一、从GitHub上面下载模块https://github.com/tripal/tripal_analysis_interpro/archive/refs/heads/7.x-3.x.zip 到modules目录下面

解压后去网站控制端进行安装 Tripal Interpro 这个模块

二、前期数据的准备工作:

这里首先需要了解一个网页工具 InterPro,引用文献:

Paysan-Lafosse T, Blum M, Chuguransky S, Grego T, Pinto BL, Salazar GA, Bileschi ML, Bork P, Bridge A, Colwell L, Gough J, Haft DH, Letunić I, Marchler-Bauer A, Mi H, Natale DA, Orengo CA, Pandurangan AP, Rivoire C, Sigrist CJA, Sillitoe I, Thanki N, Thomas PD, Tosatto SCE, Wu CH, Bateman A. [InterPro in 2022](https://doi.org/10.1093/nar/gkac993).

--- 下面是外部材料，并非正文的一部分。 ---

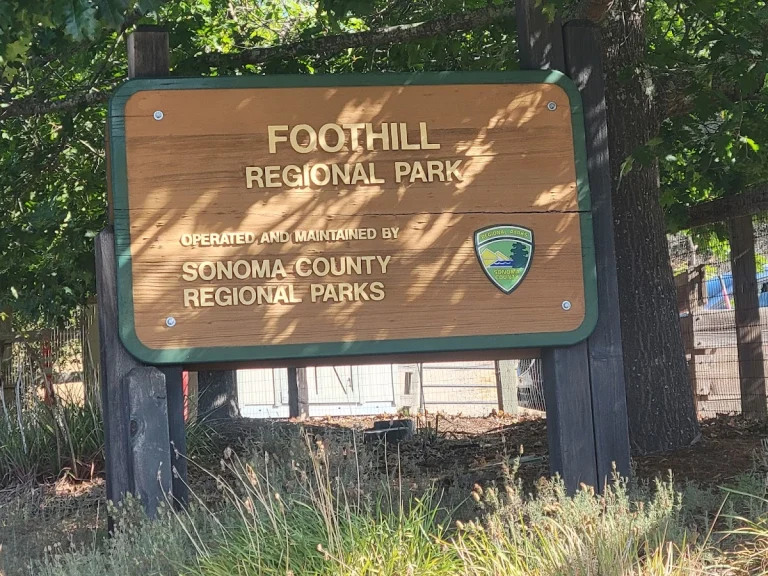 Foothill Regional Park, a dog-friendly park in Windsor, California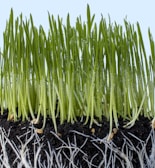 Close-up of vibrant green leaves nourished by ecoroot microbial fertilizer.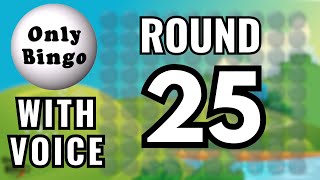 🟠🟡🟢🔵3D BINGO CALLER - 90 BALL - ROUND 25 screenshot 3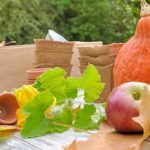 - Discover thriving vegetable gardening in San Antonio with expert tips and tricks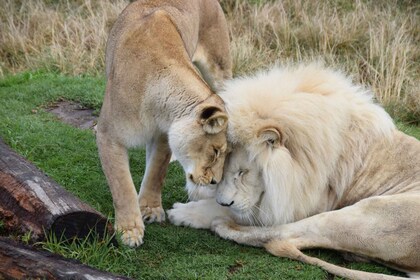 Plettenberg Bay: Tenikwa Conservation Center Full Day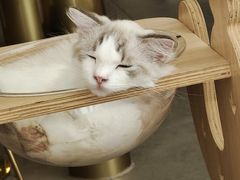 -飞行喵MR PILOT|猫舍·猫咖(静安大融城店)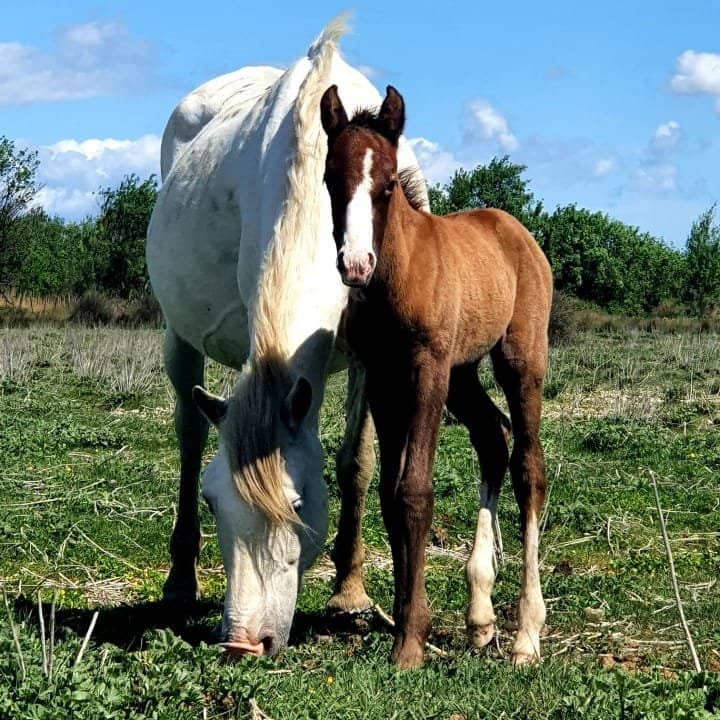 Cheval blanc typique de Camargue aux côtés de son poulain brun, broutant dans un champ verdoyant
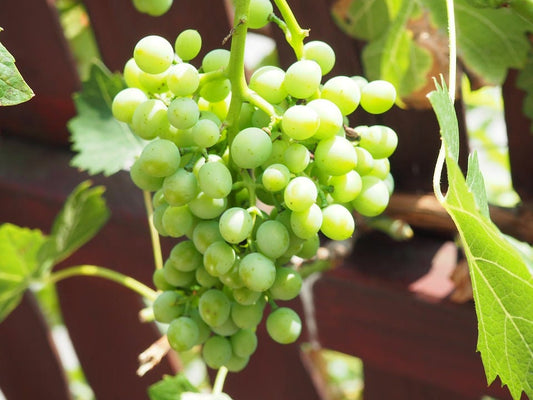Green dessert grape seeds for planting
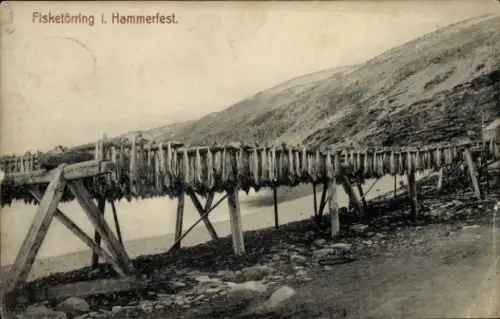 Ak Hammerfest Norwegen, Fisketörring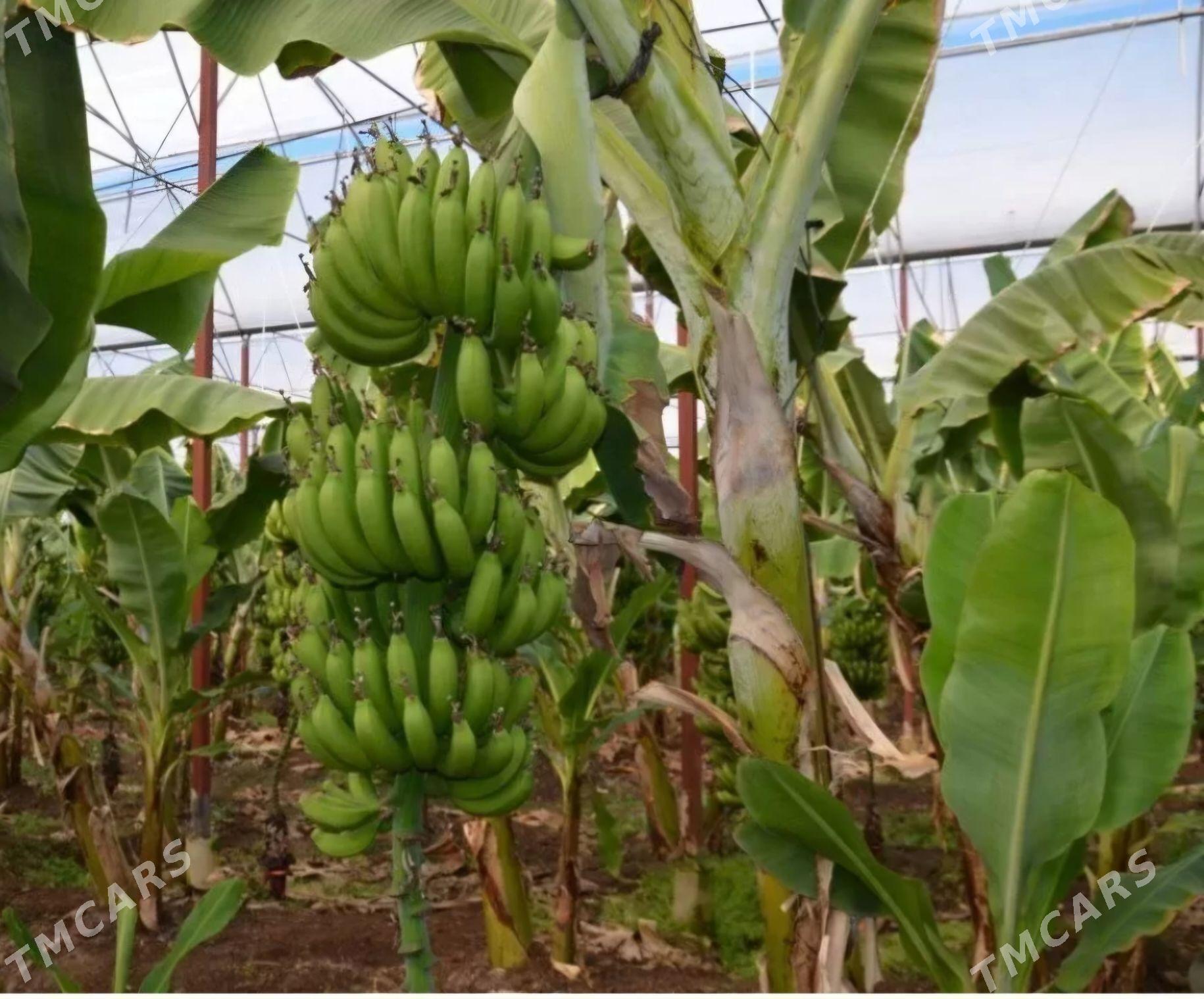 TURK NAHAL BANAN - Änew - img 9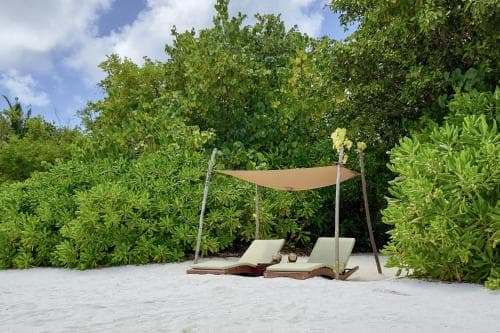 Coco Bodu Hithi
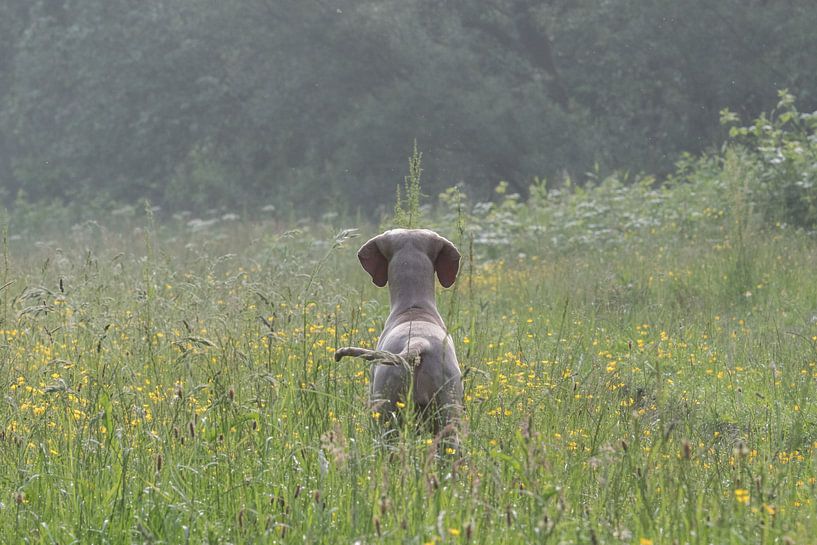 Weimaraner van Antoon van Osch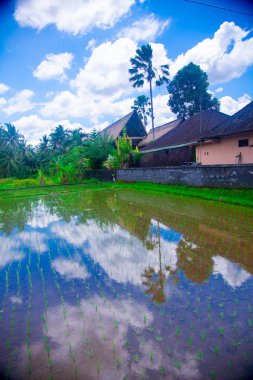 Bali, Endonezya pirinç alan. Bali Endonezya Adası ve bilinen bir turistik yer. Bali, pirinç hasat mevsim yılda üç kez, gel..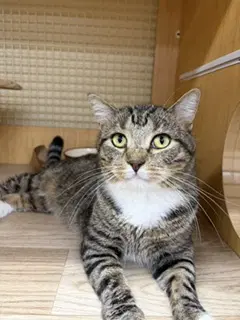 Charlie - Domestic Short Hair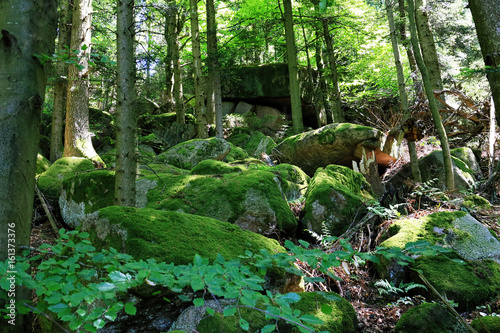 Black Forest hiking trail through the woods of Gertelbach in the Buehlertal, Germany photo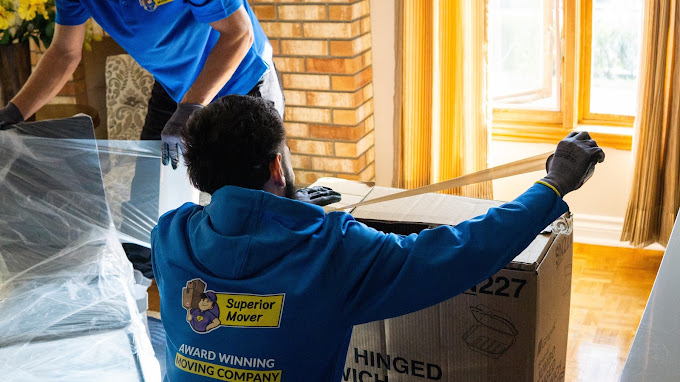 Signs you need professional movers for your furniture safety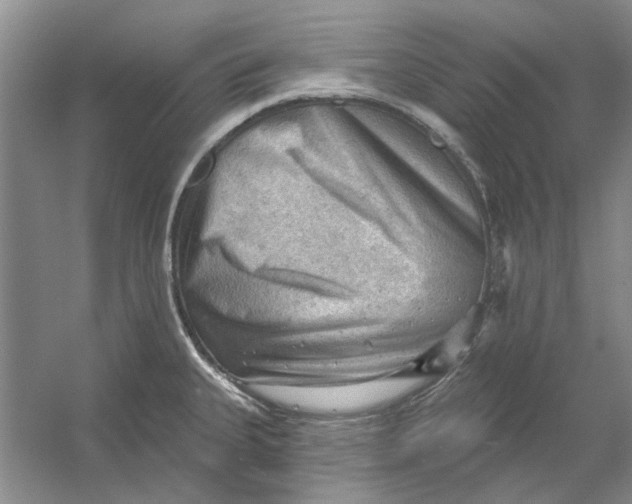 X0000054401335200508191955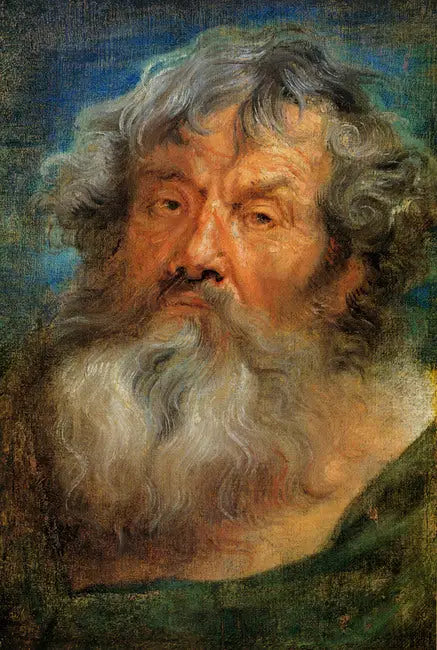 Cabeza de anciano - Antoine van Dyck
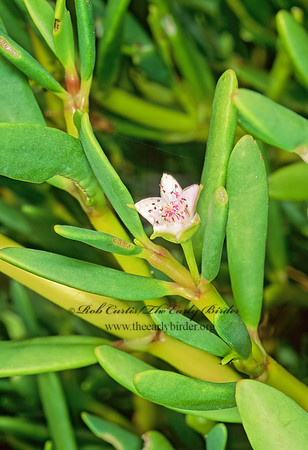 Sesuvium portulacastrum  SHORELINE SEAPURSLANE 249018z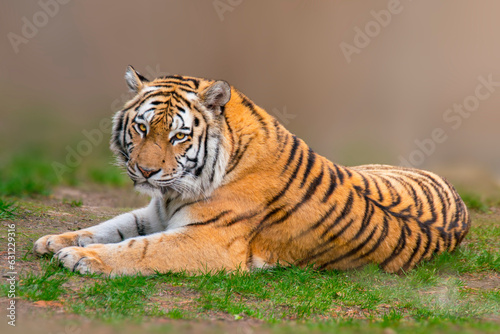 one large striped tiger (Panthera tigris) lies relaxed and enjoys the sun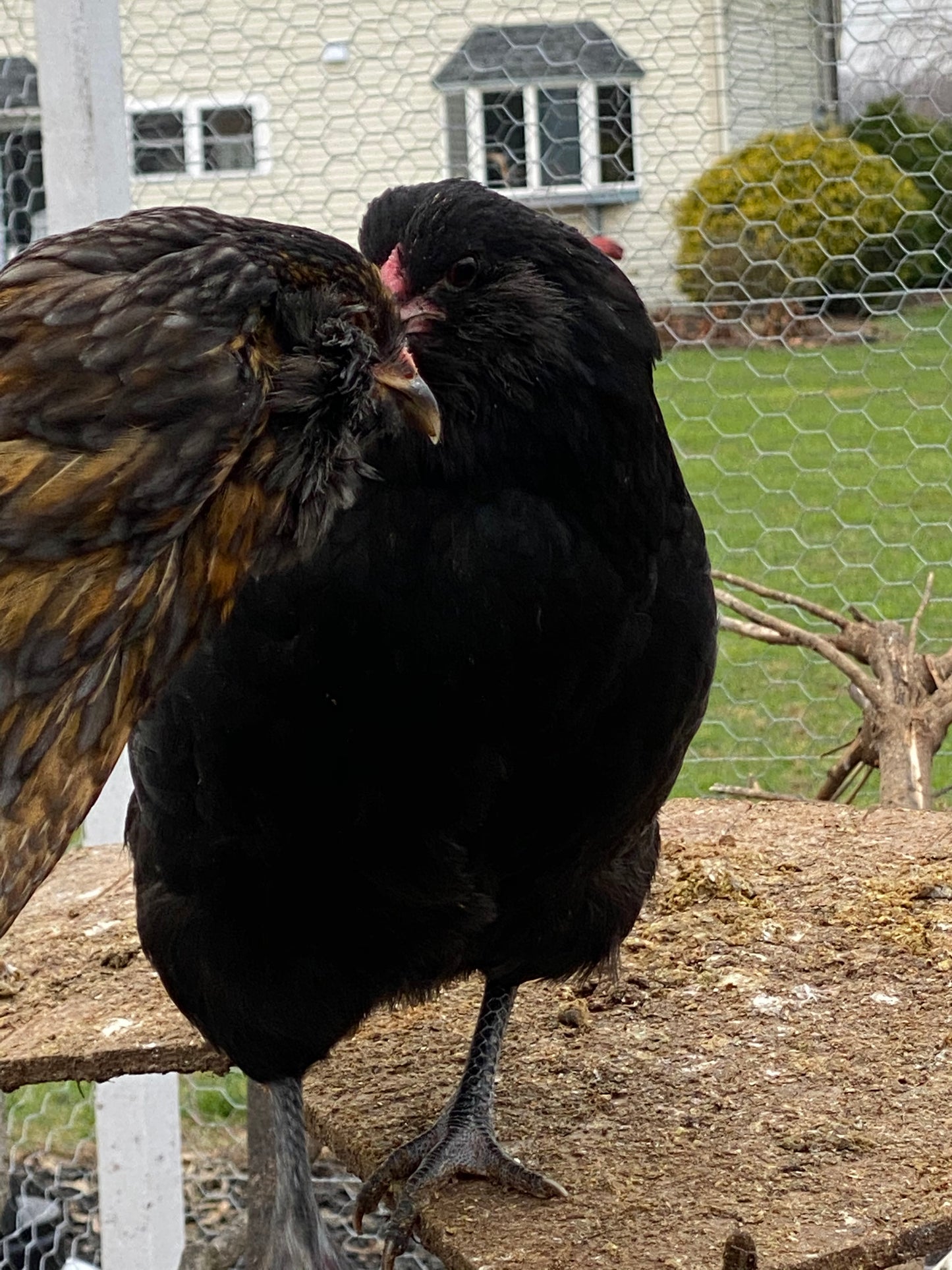 Colored Egg Layer Pullet– Easter Egger, Blue/Black/Wheaten Ameraucana, or Marans – 6–8 Weeks Old – Blue, Green & Chocolate Eggs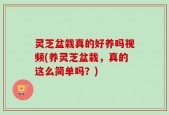 灵芝盆栽真的好养吗视频(养灵芝盆栽，真的这么简单吗？)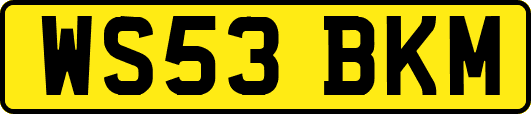 WS53BKM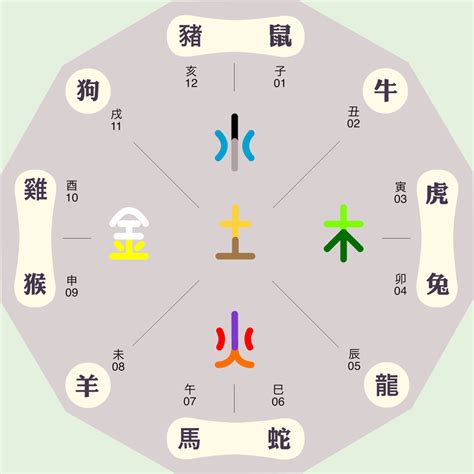 中五行|中字的五行属性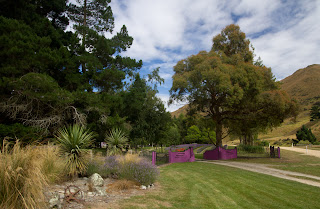 Lavender Farm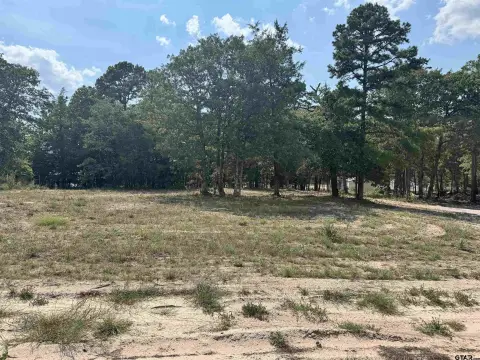 Commercial Land Near Lake Cypress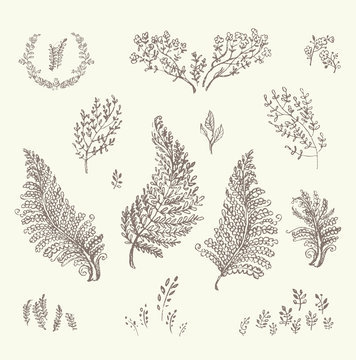 Flora set of freehand drawn leaves and herbs. Vector illustration of leaves of fern, thyme, sage, rosemary, field grass for design. A pencil drawn wild herbs.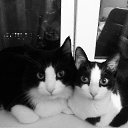 ���� �����, ����������, 59 ��� - ��������� 16 ������� 2015 � ������ ���� ���������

Nucleic Acids Research, Nov 2022, (doi: 10.1093/nar/gkac993) 

里面输入的主要是蛋白序列,由于网页端的原因,限制上传文件的大小(具体是多少不太清楚,反正牛油果的pep全部放进去会出错),所以我这里筛选了93个TPS基因家族的蛋白序列进行上传处理(这里有个txt框输入,也可以直接copy输入,其实输入文件以后也像是读取了文件填入了这个txt框)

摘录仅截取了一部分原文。